Untersuchung ergab: Vögel verendeten qualvoll



Laut nun vorliegender toxikologischer Untersuchung verendeten die Tiere qualvoll, nachdem sie einen Giftköder gefressen hatten. Der Landesbund für Vogelschutz zeigte die Fälle am Samstag auf Grundlage der Untersuchungsergebnisse an, wie die Polizei mitteilte. Bei dem Gift soll es sich um ein Insektizid handeln, das in Europa seit Jahren verboten ist.

Immer wieder geraten Vögel in das Visier von Wilderern. Tierschützer sehen einen Trend nach oben - auch weil solche Fälle heute eher überhaupt registriert werden als noch vor einigen Jahren. Allein in Bayern wurden in den vergangenen zwei Jahren Dutzende Wildtiere illegal getötet. Das geht aus einem Report des Projektes „Tatort Natur“ hervor, der Mitte April vorgestellt wurde.

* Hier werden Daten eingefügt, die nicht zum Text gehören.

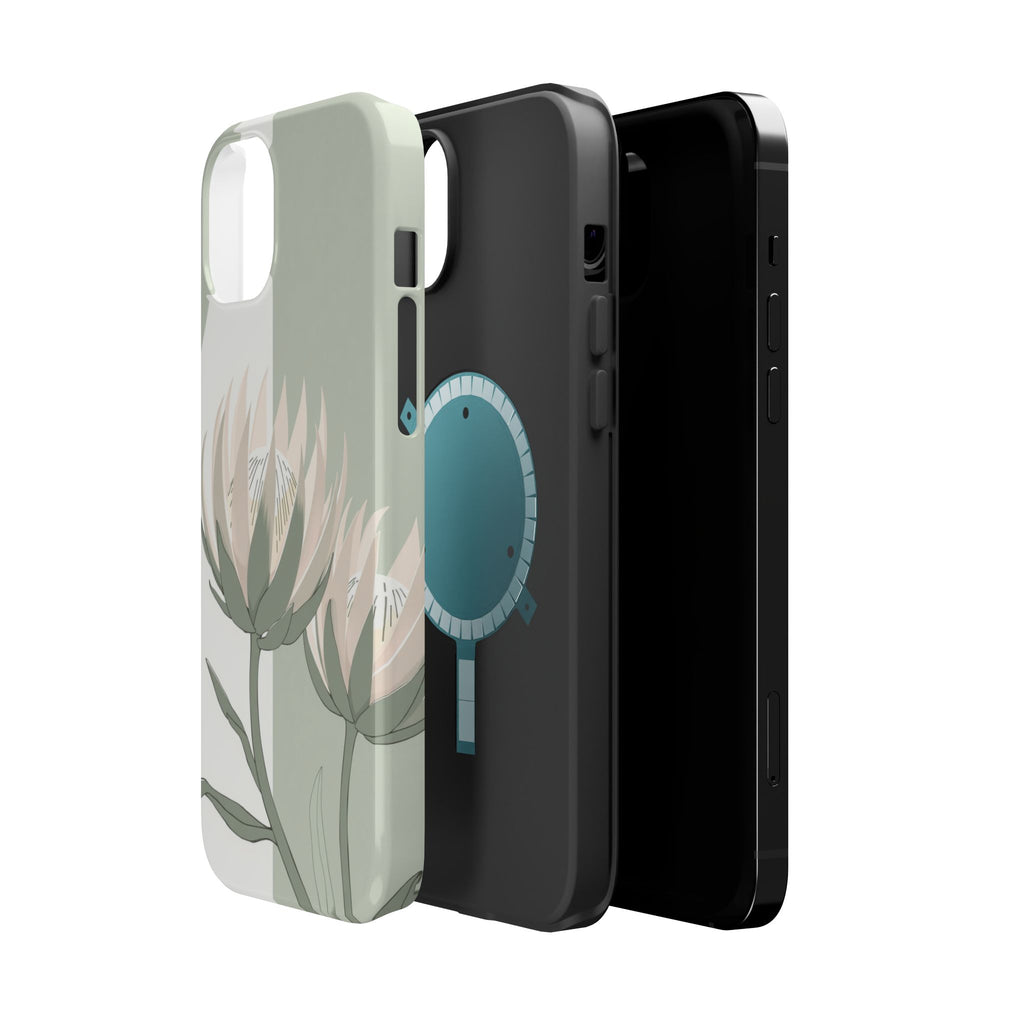 iPhone Protea Bold Cinematic Art Bold Modern Everyday Snap Case · iPhone Case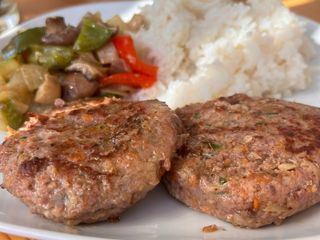 Hamburguesas casera ‘extra jugosas’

Der Bericht listet für die Jahre 2019 und 2020 insgesamt 75 gemeldete Fälle mit 121 getöteten Wildtieren aus 17 geschützten Arten auf. Die Dunkelziffer liege aber „sicher um ein Vielfaches höher“, schreibt die Autorin der Studie, Franziska Baur.

Im Landkreis Cham wurde den Angaben zufolge 2019 ein ganzer Schwarm Stare mit dem in der EU verbotenen Insektizid Carbofuran vergiftet. Der Report dokumentiert ebenso den Abschuss eines Baumfalken, der dann auch noch „provokant an einem Baum kopfüber aufgehängt“ worden sei.

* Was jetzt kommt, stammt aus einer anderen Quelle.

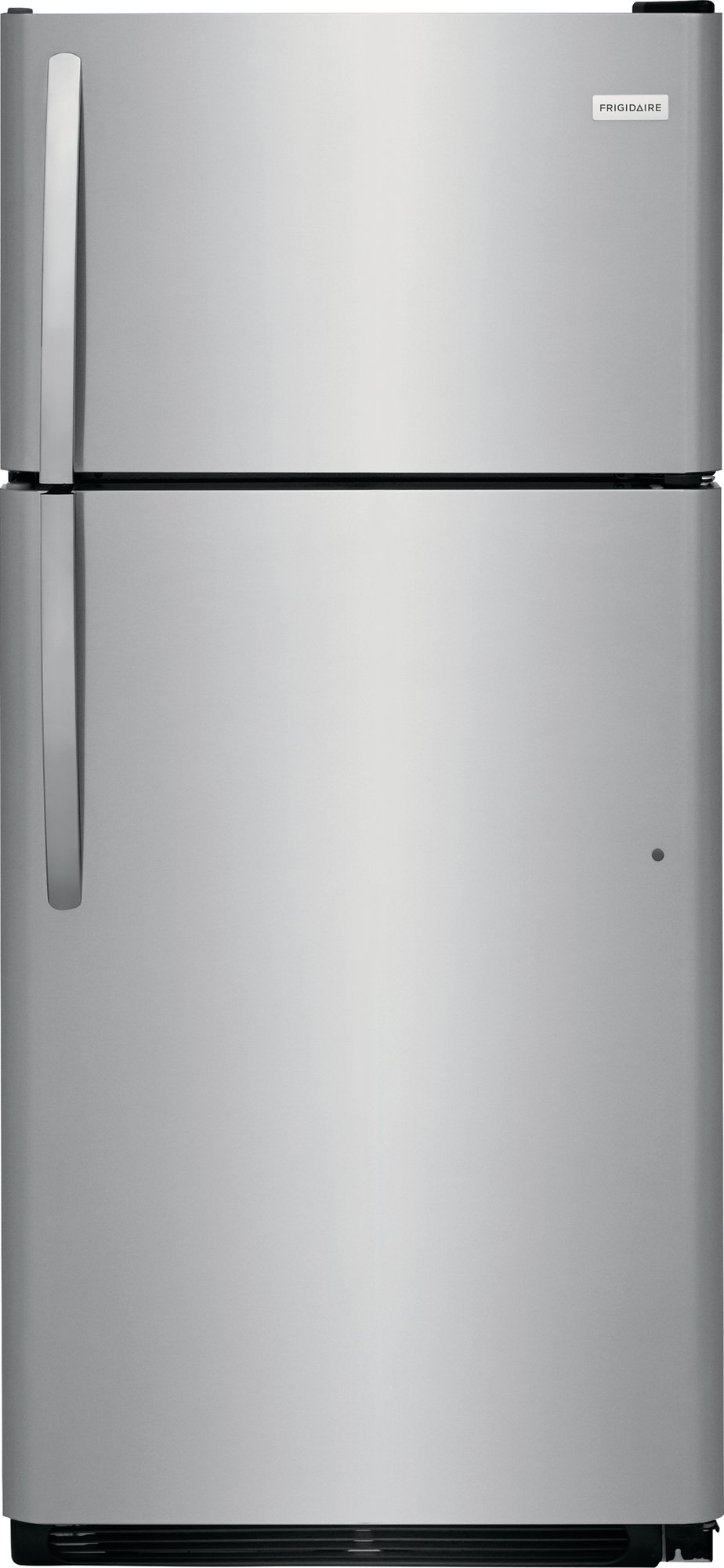 FFTR1821TS Frigidaire 18 cu ft Top Freezer Refrigerator - 30 W Stainless Steel-1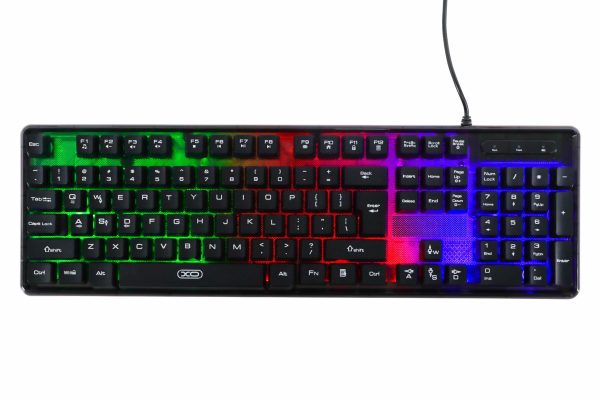 Gaming tipkovnica XO-KB-04 LED RGB - Slika 2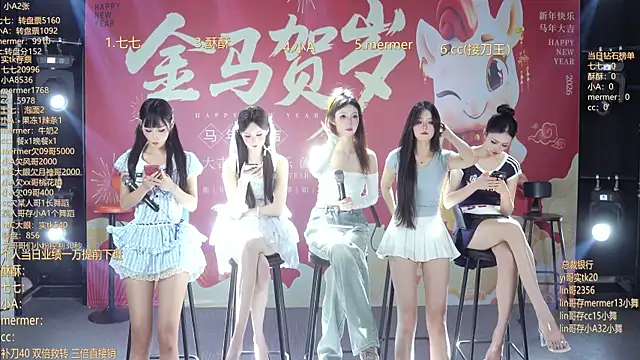 Snapshot of SK010 chatting on 02-20-26, 10:06 SK010 online show from 02-20-26, 10:06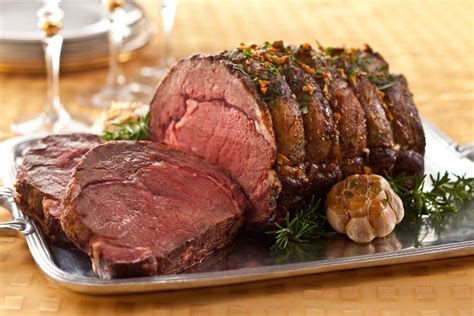 Perfect Prime Rib With Rosemary And Roasted Garlic Good Decisions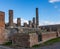 A fascinating journey through the ruins of the ancient city of Pompeii , Italy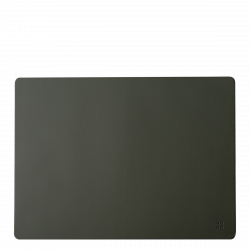 Tischset rechteckig PVC anthrazit 45 x 32 cm Elements Ambiente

Vermutete Motive sind unterschiedlich



Die vermuteten Motive der Tiertöter sind unterschiedlich. Beim Töten der Greifvögel könne es beispielsweise darum gehen, den eigenen Tierbestand zu schützen.

In diesem Jahr gebe es eine wirkliche Häufung an Fällen bei Greifvögeln, sagte Andreas von Lindeiner vom Landesbund für Vogelschutz (LBV) kürzlich.

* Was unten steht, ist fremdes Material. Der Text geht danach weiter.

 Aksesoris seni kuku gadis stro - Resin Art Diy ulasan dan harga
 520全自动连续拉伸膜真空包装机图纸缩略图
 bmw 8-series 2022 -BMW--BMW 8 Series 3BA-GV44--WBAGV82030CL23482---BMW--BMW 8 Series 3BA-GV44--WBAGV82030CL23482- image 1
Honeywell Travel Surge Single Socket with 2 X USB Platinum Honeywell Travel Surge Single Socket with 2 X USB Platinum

In den vergangenen zehn Jahren wurden nach Angaben der Erfassungs- und Dokumentationsstelle für Greifvogelverfolgung und Artenschutzkriminalität (EDGAR) mit Sitz in Bonn deutschlandweit weit mehr als 1000 illegale Tötungen von Wildvögeln registriert. Die Dunkelziffer sei bei Vogel-Wilderei hoch.

Die meisten Fälle wurden laut EDGAR in Nordrhein-Westfalen gemeldet - gefolgt von Bayern mit 185 Fällen und mehr als 450 getöteten Wildvögeln.